Steven lapsed into a coma and died July 29 from a combination of head injuries and a failure to get him to the hospital promptly, Propst concluded.

The day Steven was fatally injured, Falgoust called 911 and said Steven was "in crisis all day. He's been beating himself -- he just rammed his head into the wall, and now he's flopping on the floor and getting stiff." She later said he had banged his head on the floor. She said the bruises on his chest were from pounding himself while playing Tarzan.

The first stories from the other two foster children didn't contradict that. They initially told police that their foster mother had not hurt Steven. They said they loved her. One, identified in the charging document only as Boy No. 1, showed a detective his new blanket, a treasured memento that he said was very expensive.

Detectives found the foster home to be "immaculate to the point of being eerie," the charging document said. Even though three foster boys and the Falgousts' son, ages 9 to 11, lived there, not a single toy, shoe or article of clothing was out of place.

About two weeks after Steven died, the investigation changed course. Boy No. 1 told a nurse at Charter North Hospital, where he was being treated, that he didn't want to go back to Melissa Falgoust, the charging document said. The child said now that Steven was gone, he "would be the worst kid in the house and she would pick on him. The boy was afraid that he was next," the charging document said.

The boy told detectives that Steven got into trouble July 27 because he failed to complete his morning tasks, according to the charging document. Falgoust ordered Steven to do jumping jacks. Exercise was a common punishment in the home, the foster child said. But Steven was lethargic that morning.

"When the boy did not perform well, Melissa Falgoust pushed him and struck him with her fists," the charging document said.
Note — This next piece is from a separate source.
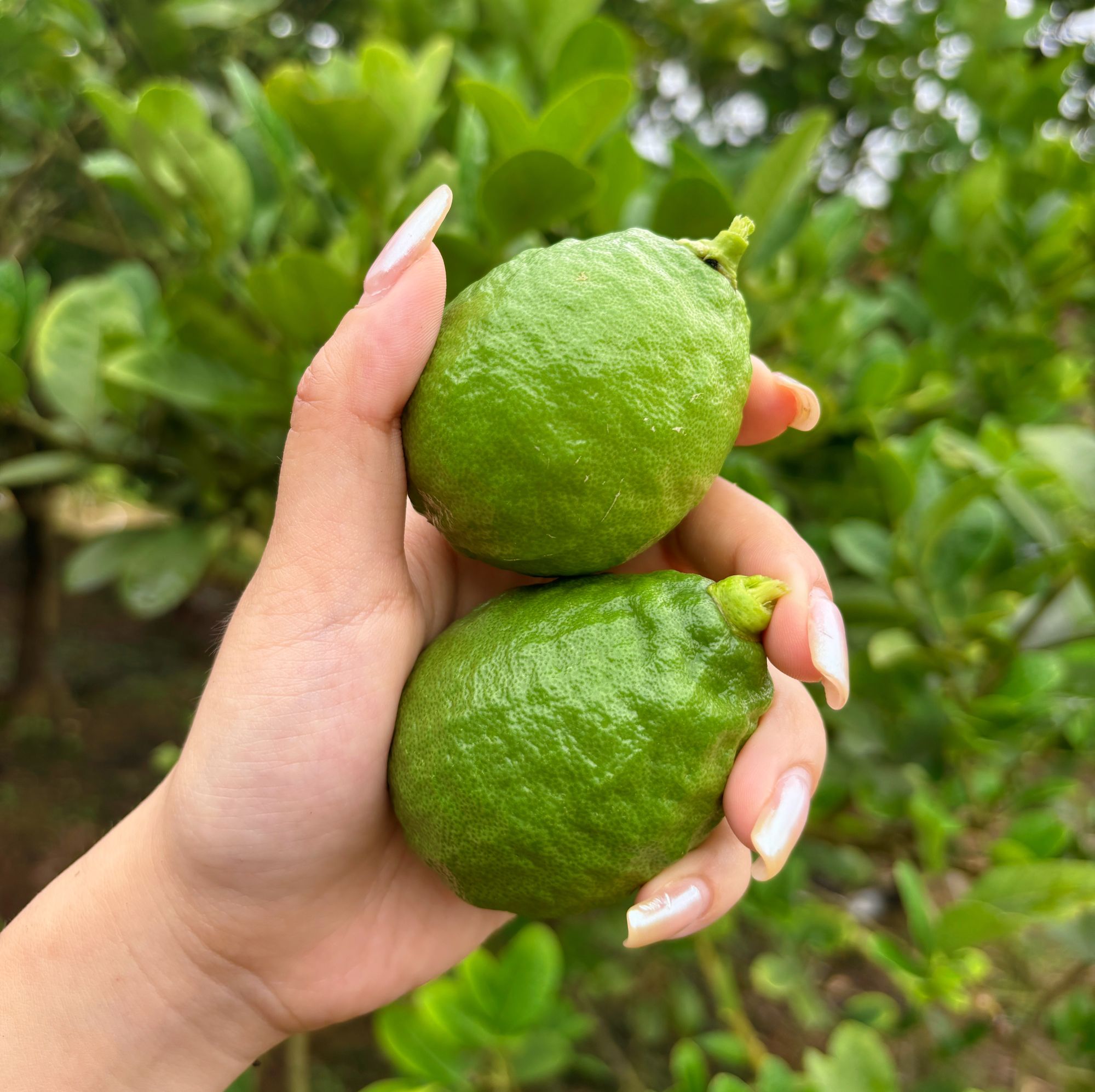 精选果广东香水柠檬暴打柠檬茶爆香型新鲜采摘奶茶店专用产地直发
She then lifted him and struck the back of his head on the carpeted floor, the document said. She also kicked him and punched him in the stomach, the child told police.

Falgoust told Boy No. 1 and the other foster child that she was going to call their caseworker and that they were to run into the room and yell "Mom, Mom, Steven's hurting himself" while she was on the phone, the charging document said. She called a worker at Alternatives Community Mental Health Center Inc., who heard the boys in the background. Alternatives provided a 35-hour-a-week activity therapist to work with Steven and possibly the other boys.

DFYS had had previous reports of abuse in the foster home. A school nurse in 1998 reported emotional abuse and excessive discipline of one of the other children. In April of last year, Steven ran away from the home and was found to have belt marks on his buttocks. He said Falgoust "had strapped him to punish him," the charging document said. He initially was taken away. But then he said he had hurt himself and after 10 days was put back into the home. The investigation into his death found he couldn't have caused the belt marks.

In July, Falgoust was sentenced to probation and ordered into a batterers' program for the domestic violence incident with her husband. Her attorney at the time, Stuart Ross, told the judge she was in an emotional crisis, reacting to her own childhood sexual and physical abuse.

"My concern is the possibility exists it will happen again unless you can confront your own psychological problems," District Court Judge Sigurd Murphy told her.

DFYS didn't know about the incident. As a result, it is now putting in place a system to get instant alerts whenever its foster parents get in trouble with police.

Steven's death marks the second time in two years that police have accused an Anchorage foster parent of killing a foster child. Two-year-old Janessa Aguirre was tortured to death in December 1997. Her foster mother is serving 75 years in prison.

Most foster homes are safe, DFYS officials said.

"We trust them with the lives of our children, and in this case, Melissa failed Steven, failed the foster care system and failed the foster children," said Ed Sheridan, a staff manager for the DFYS office in Anchorage.